Encircling Salem Artists

There’s been a lot of discoveries since I started this blog over a year ago, but one of the biggest has been a growing appreciation of the artistic environment which existed in Salem a century or so ago, well past what historians consider the city’s golden age.  Culturally speaking, Salem was vibrant not only in the 1790s, but also in the 1890s, when Frank Benson, Phillip Little, Ross Sterling Turner, Dwight Blaney, and John Leslie Breck were within its midst.  I’ve already written about Little and Benson, whose houses I can gaze upon from my bedroom window, but the other gentlemen are more recent discoveries.  Blaney, from an old Salem family (Blaney Street runs down to the Salem Ferry dock), was not only an artist but one of the first serious collectors of American antiques.  In many ways, he is a collecting link between several of these men:  Turner married his elder sister and lived in Salem, and both Blaney and Breck visited them often from their primary homes in the western suburbs of Boston.  Benson and Little were more grounded in Salem (though they summered in northern New England like all artists of means), Blaney seems to have been happily ensconced at both his main home in Weston and his summer house on Ironbound Island, off Mt. Desert in Maine (where he received many distinguished guests, including Breck and John Singer Sargent, and which you can read about here), but Turner and Breck seem like men of the world to me:  student days in Europe, considerable time at Giverny with Monet (Breck), long forays in Bermuda and Mexico (Turner).  They were both advocates of “modern” art, and seem to have been inspired by the cultural environment of greater Boston and the North Shore while at the same time occasionally at odds with it.

I found an interesting notice in the Boston Transcript from the spring of 1890, shortly after Breck had returned from Giverny to hold a one-man show at the St. Botolph Club through which Impressionism was introduced to Boston.  He had also formed a teaching studio with Turner in Salem (at the latter’s house on Bridge Street, a pretty busy thoroughfare now and then) and these developments apparently did not please the anonymous author of the “Fine Arts” column.

     Ross Turner and John Leslie Breck have returned to this country from foreign parts, and threaten to form a class for out-of-door work in painting at Salem during the month of June.  Mr. Turner will give instructions in watercolor work, and Mr. Breck in both oils and watercolors, as well as in drawing from models.  Mr.

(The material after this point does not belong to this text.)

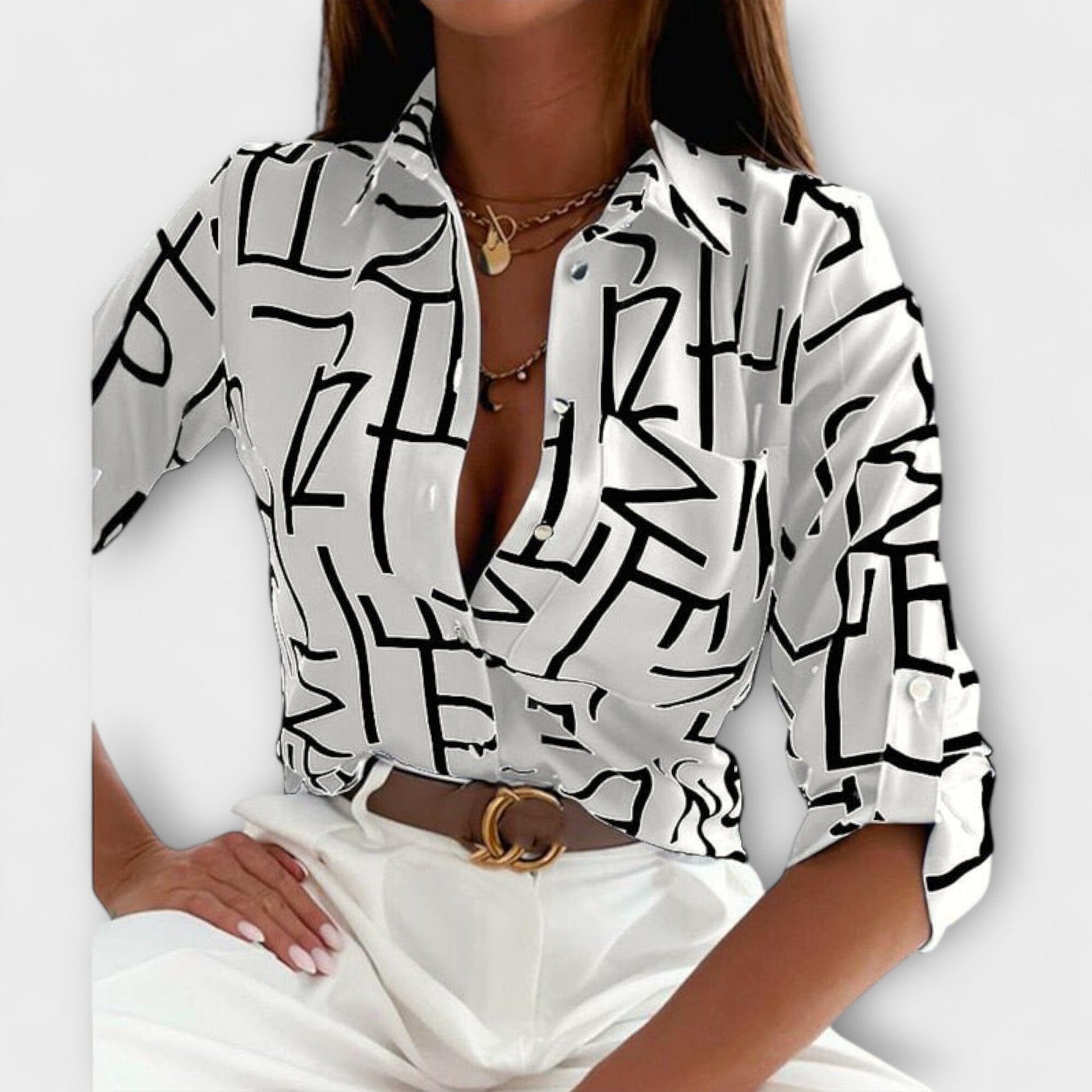 Blusa con Cuello Clásico Blusa con Cuello Clásico A minha loja Weißer Schriftzug S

Breck is somewhat famous in a limited way as the only pupil of the impressionist Claude Monet, and we may as well be prepared for anything and everything when he lets loose a flock of sweet girl graduates, duly inoculated with the impressionistic visual virus, whose landscapes may blend the charms of amateurishness with those of other kinds of incoherence, “till all is blue”.

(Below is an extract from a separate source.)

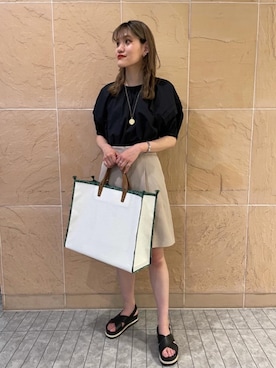 「UNITED ARROWS（ユナイテッドアローズ）のUWFM コインネックレス L（ネックレス、ゴールド系）」を使った、Hikaru Hoshibaさん（レディース・169cm）の春コーディネート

THE IMPRESSIONISTIC VISUAL VIRUS!  What a great line; it sounds very modern. What a reminder of how new (and apparently threatening)Impressionism was in the late nineteenth century–and also how conservative Boston was.  The reference to “sweet girl graduates” might be an allusion to Breck’s  romantic reputation, gained at Giverny.  No matter, both Turner and Breck seemed to prosper in the 1890s, both in and around Salem and beyond.  Here are some of my favorite works of both artists, representing careers that were both cut short:  Turner died in the Bahamas in 1915, “following a long illness”, while Breck died of asphyxiation in 1899–an apparent suicide–at age 39.

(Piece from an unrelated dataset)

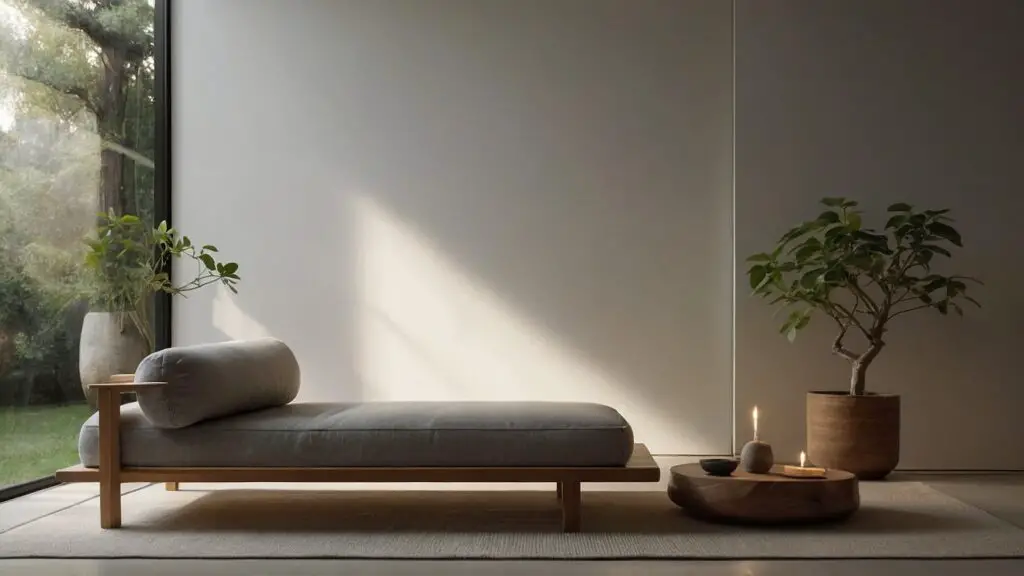 A tranquil meditation corner in a minimalist setting, representing the practice of spiritual minimalism.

Ross Sterling Turner (1847-1915):  Street Scene in Munich, 1880 (Smithsonian Museum of American Art); The Old Manse (printed etching from Riverside Press’s Hawthorne Portfolio, 1884); Fairylands, Bermuda, 1890 (part of the Masterworks Museum of Bermuda Exhibit “The Wonderful World of Watercolours”, closing today); Doorway of Henry Lee Higginson Estate (outside Boston), 1894; and his most popular work, A Garden is a Sea of Flowers, 1912 (Museum of Fine Arts, Boston.

John Leslie Breck (1860-1899):  Willows (1888); Grey Day on the Charles (1894) and The Dragon in Winter, Essex (Massachusetts), 1896.  All accessed through the Smithsonian Institution Inventory of American Art and all in private collections.